Too risky. So we didn’t go.
Actually, I’m not sure if it was cucumbers we were going to pick. Perhaps it was bright tomatoes. Or green peas. Or plumply purple eggplants. We were going to pick vegetables in the hot Israeli sun as part of my son’s bar mitzvah. To give back. To do a mitzvah. We wanted to be outside, together, kids and grown-ups, littles and bigs, and harvest x number of pounds of veggies to be distributed to families in need in Israel.
But I couldn’t do it.
And I’ve been doing it all: camel riding in the desert, kayaking on the Jordan, the markets in Jaffa and Jerusalem. Not knowing if the sirens would wail in Tel Aviv or further north. They are relentless in the south. Some mornings have found us in the bomb shelter in various states of dress (or undress), and some have been eerily quiet – or maybe we just don’t hear the sirens when we’re in the sea. A week has become 20 days and 43 fallen soldiers. Terrifying cries of anti-Semitism and the most blatant anti-Israel rhetoric I thought I’d never read or watch from countries I feel scared to call home.

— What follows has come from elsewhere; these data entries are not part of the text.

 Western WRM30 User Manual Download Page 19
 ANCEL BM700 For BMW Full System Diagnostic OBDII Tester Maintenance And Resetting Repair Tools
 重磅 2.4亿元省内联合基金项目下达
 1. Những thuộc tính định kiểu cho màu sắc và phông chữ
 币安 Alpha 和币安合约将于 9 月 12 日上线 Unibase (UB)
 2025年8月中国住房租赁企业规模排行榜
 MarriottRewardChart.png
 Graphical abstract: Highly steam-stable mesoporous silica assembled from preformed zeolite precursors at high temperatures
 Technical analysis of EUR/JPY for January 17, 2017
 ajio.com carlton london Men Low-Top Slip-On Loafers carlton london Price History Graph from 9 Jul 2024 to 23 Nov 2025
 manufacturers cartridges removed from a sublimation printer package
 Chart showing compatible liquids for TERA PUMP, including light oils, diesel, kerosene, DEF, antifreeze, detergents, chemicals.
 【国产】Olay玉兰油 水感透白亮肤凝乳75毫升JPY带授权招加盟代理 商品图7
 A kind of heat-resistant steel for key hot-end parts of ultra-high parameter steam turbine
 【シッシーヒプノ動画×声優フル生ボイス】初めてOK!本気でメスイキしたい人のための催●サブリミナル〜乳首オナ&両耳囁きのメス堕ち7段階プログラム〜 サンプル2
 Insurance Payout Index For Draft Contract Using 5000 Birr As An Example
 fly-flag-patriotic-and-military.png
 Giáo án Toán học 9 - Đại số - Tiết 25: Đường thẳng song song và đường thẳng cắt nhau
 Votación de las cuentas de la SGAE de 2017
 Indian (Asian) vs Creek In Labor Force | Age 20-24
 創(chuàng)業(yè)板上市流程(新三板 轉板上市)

I’ve seen the smoke trail from Iron Dome interceptions, heard the booms as rockets hit the ground, cried for the beautifully brave soldiers we’ve lost. I’ve dragged my children to the beach – where there are no shelters, and even when they’ve had enough sun and sand, because there are too many children stuck all day in bomb shelters in areas near Gaza, where the rockets fly too frequently and the risks are not just possible, they are likely.
I’ve learnt Hebrew words I didn’t even know existed: azakah (alert), mamad (protected room), Kipat Barzel (Iron Dome).
I’ve noticed a change – subtle but definite – in the very air around me. On the beach. In the restaurants. Walking outside. The usually noisy, argumentative, full-of-life-and-love Israelis are quiet, preoccupied. Their smiles are tense and their eyes are sad. But determined. They are resolute. Strong.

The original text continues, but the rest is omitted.